President Donald Trump moved forward with policies aimed at preventing catastrophic wildfires while the media breathlessly covered the government funding battle.
The order also calls on federal officials to streamline regulations and permitting processes to allow the harvest of at least 3.8 billion board feet from U.S. Forest Service lands and 600 million board feet from Bureau of Land Management lands.
Trump also asked federal officials to do more to maintain roads into hard-to-reach areas where fires can spread.
Western Republicans welcomed Trump’s order. GOP lawmakers said that a change in policies was sorely needed after the devastating 2018 wildfire season, which saw more than 8.5 million acres burned.
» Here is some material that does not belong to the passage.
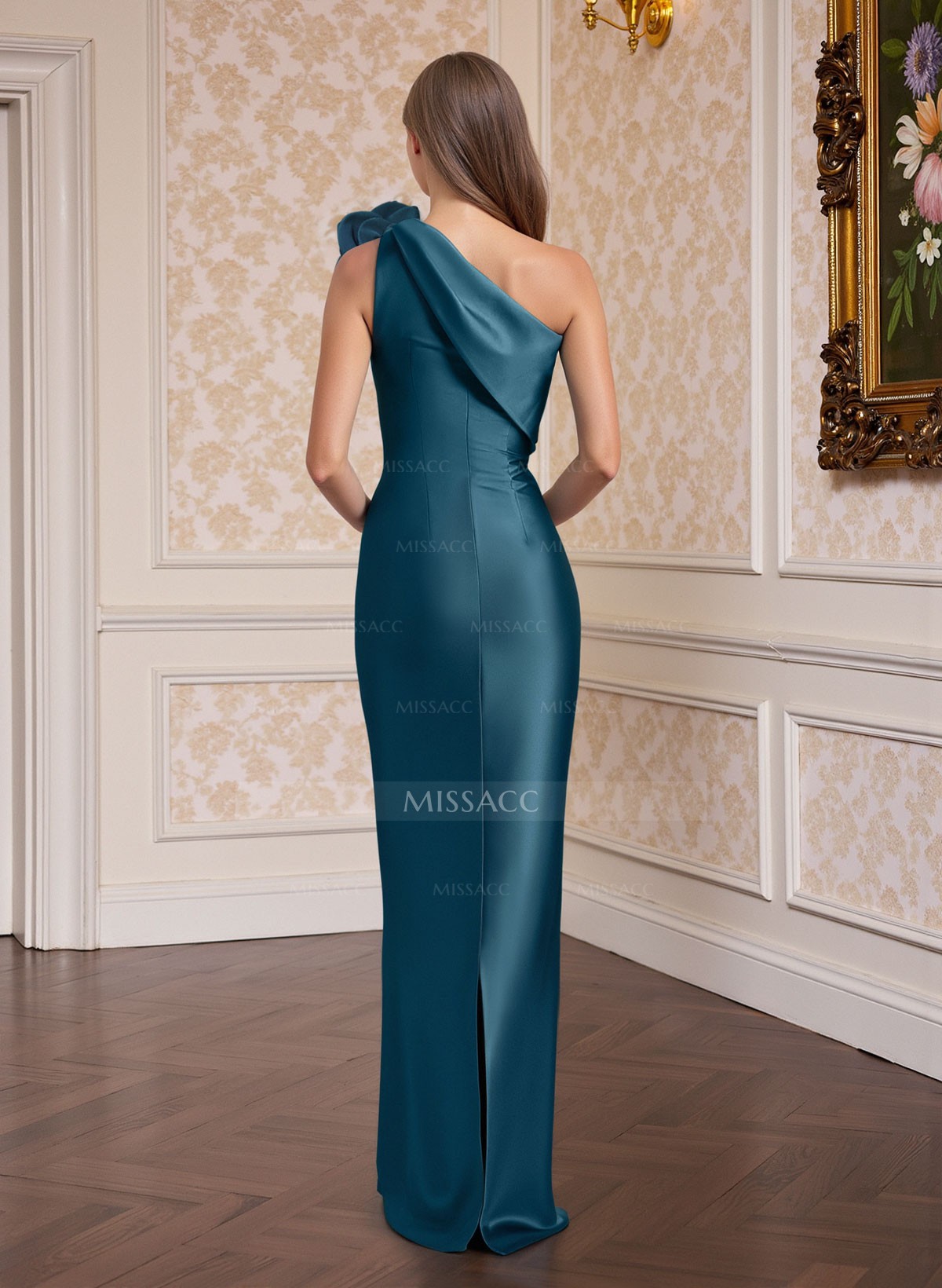 Jumpsuit/Pantsuit One-Shoulder Detachable Sweep Train Mother Of The Bride Dresses With Flower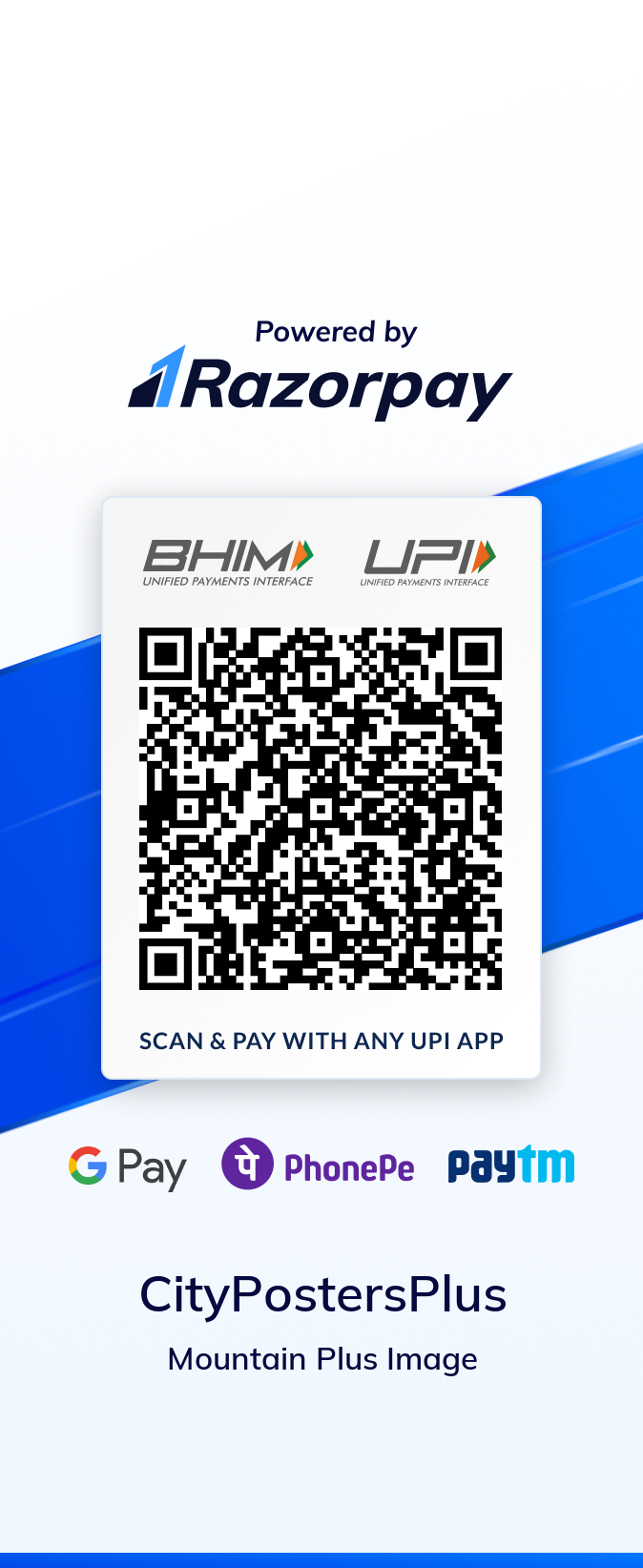 Razorpay UPI QR code for Mountain Plus Image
“While litigation activists thwarted forest management reforms, the Senate also failed to pass legislation to help minimize forest fires,” Utah Republican Rep. Rob Bishop, chairman of the House Committee on Natural Resources, said in a statement.
“As a result, parts of the West were left in ashes. We cannot ignore these systemic issues any longer."
Environmentalists railed against Trump’s executive order, characterizing it as a “gift” to the logging industry that would do little to prevent wildfires.
“Logging in the back country is just a gift to the timber industry,” said Boggs, adding the order didn’t mention global warming or thinning around communities in wildfire-prone areas.
Democrats and environmentalists tend to blame global warming for the increasingly massive western wildfires. Republicans, however, argue that more active management of forests through thinning, clearing of dead and dying trees, and logging is needed to prevent wildfires from getting out of control.
“This executive order will save lives and communities throughout the West!” the Congressional Western Caucus wrote in a Dec. 21 tweet.
“However, this issue will only be fixed through congressional action,” Bishop said.
“The House and Senate must work to implement statutes that protect our environment and the many communities across the country who live every day with the threat of wildfire."